Oft sind das ältere Kinder/Jugendliche im Haushalt. In dem Fall ist auch eine Unterschrift des Impflings oder seines Sorgeberechtigten sinnvoll.

Darf eine Impfung vorgenommen werden, wenn die zu impfende Person die Inhalte der Aufklärung erkennbar wegen eines zu geringen Bildungsgrades nicht begreift?
Wird die Aufklärung nicht verstanden, kann auch keine Einwilligung erteilt werden.

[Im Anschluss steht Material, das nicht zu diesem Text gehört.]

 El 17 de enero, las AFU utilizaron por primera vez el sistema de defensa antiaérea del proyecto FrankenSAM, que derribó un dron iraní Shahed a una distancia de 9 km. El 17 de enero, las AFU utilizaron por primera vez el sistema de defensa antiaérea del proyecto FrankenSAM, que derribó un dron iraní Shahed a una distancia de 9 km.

Dieses Problem ist allerdings kein Spezifikum bei Schutzimpfungen. Unstreitig ist, dass für Personen, die unter Pflegschaft Betreuung, Vormundschaft stehen (wegen der Besonderheiten des Einzelfalles) die Zustimmung des allgemein oder speziell "Sorgeberechtigten" eingeholt werden sollte. Ist jemand geschäftsfähig, sind für die Einwilligung bei Schutzimpfungen formal besondere Schritte nicht erforderlich. Allerdings sollte gerade in solchen Fällen auf Formulare (aus ganz nahe liegenden Gründen) eher verzichtet und eine Aufklärung betrieben werden, die sich bewusst und sorgfältig an der Einsichtsfähigkeit des Aufzuklärenden orientiert.

Ist für einen Heranwachsenden bei einer öffentlich empfohlenen Impfung die Einwilligung der Sorgeberechtigten erforderlich?

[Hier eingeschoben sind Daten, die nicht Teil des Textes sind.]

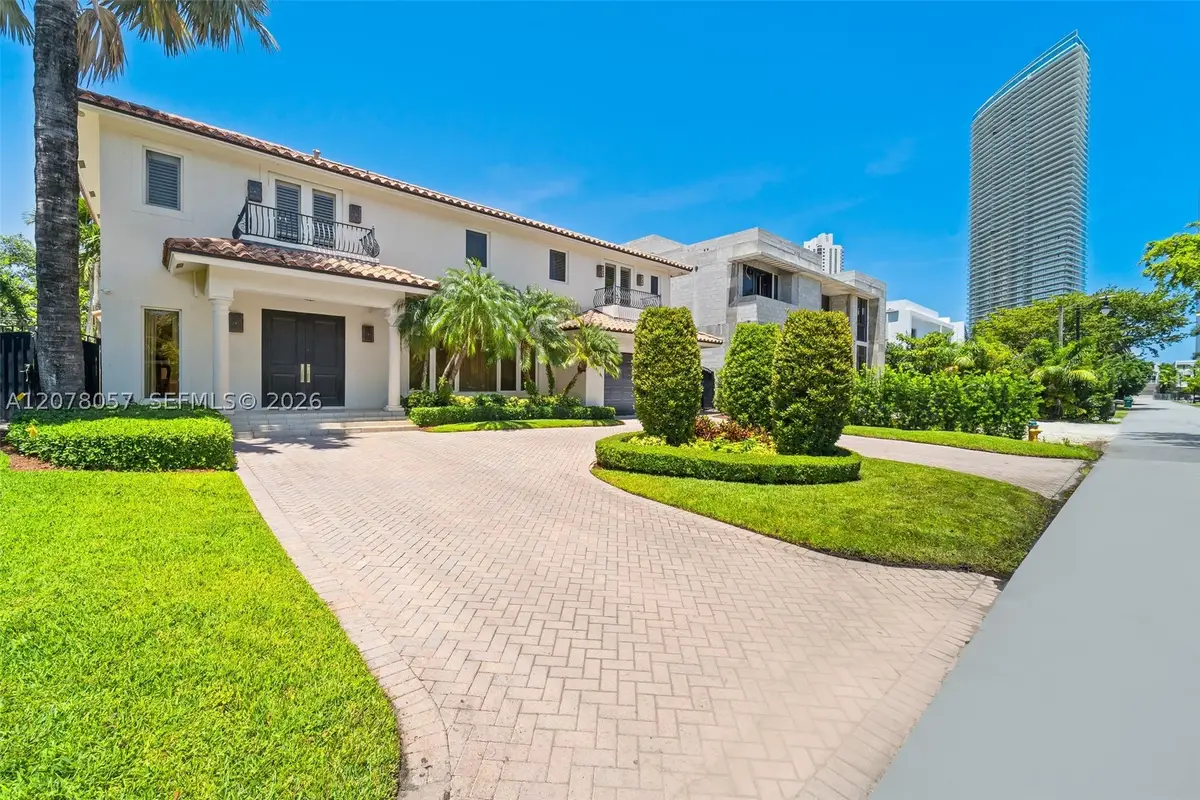 275 189th Ter, Sunny Isles Beach, FL 33160 - #1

Der Begriff des Heranwachsenden ist im Zivilrecht nicht bekannt. Im Jugendstrafrecht sind dies Erwachsene zwischen 18 bis 20 Jahren. Da es bei der Einwilligung auf die individuelle Reife und Einsichtsfähigkeit ankommt, die in der Regel mit 16 Jahren gegeben ist, sind für den angegebenen Alterszeitraum, der generell von Voraussetzungen des Zivilrechts ausgeht, abweichende Hinweise nicht erforderlich (siehe auch Nassauer, Fortschritte der Med.).

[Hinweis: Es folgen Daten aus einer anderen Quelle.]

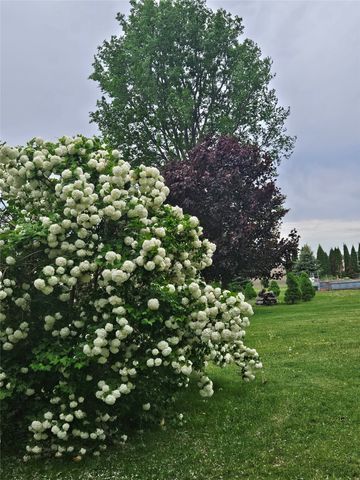 5467 27th Avenue, Vinton, IA 52349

Ist für einen Heranwachsenden bei einer Impfung, die nicht öffentlich empfohlen ist, die Einwilligung der Sorgeberechtigten erforderlich?
Nicht die öffentliche Empfehlung, sondern die Voraussetzungen "indizierte Impfung" und "wirksame Einwilligung" spielen eine Rolle. Die Umstände des Einzelfalles bestimmen, ob man auf den Umstand, dass eine Impfung nicht öffentlich empfohlen, aber doch ratsam ist, besonders erläutern sollte.